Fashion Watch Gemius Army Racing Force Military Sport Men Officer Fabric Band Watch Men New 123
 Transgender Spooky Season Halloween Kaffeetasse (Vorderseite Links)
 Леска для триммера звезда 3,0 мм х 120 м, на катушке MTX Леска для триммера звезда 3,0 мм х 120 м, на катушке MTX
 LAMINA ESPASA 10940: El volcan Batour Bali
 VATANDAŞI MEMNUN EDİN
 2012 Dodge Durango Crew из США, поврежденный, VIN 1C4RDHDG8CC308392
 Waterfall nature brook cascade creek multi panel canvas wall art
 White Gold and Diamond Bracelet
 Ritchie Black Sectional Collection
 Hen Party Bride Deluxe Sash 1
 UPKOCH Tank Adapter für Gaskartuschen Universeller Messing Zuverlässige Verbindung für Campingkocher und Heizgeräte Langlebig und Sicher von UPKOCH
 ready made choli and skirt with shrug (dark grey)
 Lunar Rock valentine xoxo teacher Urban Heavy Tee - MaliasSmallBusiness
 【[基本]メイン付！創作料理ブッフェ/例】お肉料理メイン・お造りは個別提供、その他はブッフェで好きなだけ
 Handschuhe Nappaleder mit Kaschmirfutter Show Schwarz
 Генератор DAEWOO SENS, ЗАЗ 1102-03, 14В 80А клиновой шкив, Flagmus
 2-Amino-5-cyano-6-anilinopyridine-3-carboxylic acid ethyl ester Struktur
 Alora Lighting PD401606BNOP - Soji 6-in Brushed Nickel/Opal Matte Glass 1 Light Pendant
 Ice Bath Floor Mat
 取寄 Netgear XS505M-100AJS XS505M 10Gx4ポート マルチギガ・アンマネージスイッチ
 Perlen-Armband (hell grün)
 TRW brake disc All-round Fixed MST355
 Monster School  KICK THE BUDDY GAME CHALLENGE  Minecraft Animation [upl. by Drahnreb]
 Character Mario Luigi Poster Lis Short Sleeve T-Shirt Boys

## EXERCISE DETAILS
Transcribe the records in full, word for word.

## EXERCISE ANSWER
Fashion Watch Gemius Army Racing Force Military Sport Men Officer Fabric Band Watch Men New 123
 Transgender Spooky Season Halloween Kaffeetasse (Vorderseite Links)
 Леска для триммера звезда 3,0 мм х 120 м, на катушке MTX Леска для триммера звезда 3,0 мм х 120 м, на катушке MTX
 LAMINA ESPASA 10940: El volcan Batour Bali
 VATANDAŞI MEMNUN EDİN
 2012 Dodge Durango Crew из США, поврежденный, VIN 1C4RDHDG8CC308392
 Waterfall nature brook cascade creek multi panel canvas wall art
 White Gold and Diamond Bracelet
 Ritchie Black Sectional Collection
 Hen Party Bride Deluxe Sash 1
 UPKOCH Tank Adapter für Gaskartuschen Universeller Messing Zuverlässige Verbindung für Campingkocher und Heizgeräte Langlebig und Sicher von UPKOCH
 ready made choli and skirt with shrug (dark grey)
 Lunar Rock valentine xoxo teacher Urban Heavy Tee - MaliasSmallBusiness
 【[基本]メイン付！創作料理ブッフェ/例】お肉料理メイン・お造りは個別提供、その他はブッフェで好きなだけ
 Handschuhe Nappaleder mit Kaschmirfutter Show Schwarz
 Генератор DAEWOO SENS, ЗАЗ 1102-03, 14В 80А клиновой шкив, Flagmus
 2-Amino-5-cyano-6-anilinopyridine-3-carboxylic acid ethyl ester Struktur
 Alora Lighting PD401606BNOP - Soji 6-in Brushed Nickel/Opal Matte Glass 1 Light Pendant
 Ice Bath Floor Mat
 取寄 Netgear XS505M-100AJS XS505M 10Gx4ポート マルチギガ・アンマネージスイッチ
 Perlen-Armband (hell grün)
 TRW brake disc All-round Fixed MST355
 Monster School  KICK THE BUDDY GAME CHALLENGE  Minecraft Animation [upl. by Drahnreb]
 Character Mario Luigi Poster Lis Short Sleeve T-Shirt Boys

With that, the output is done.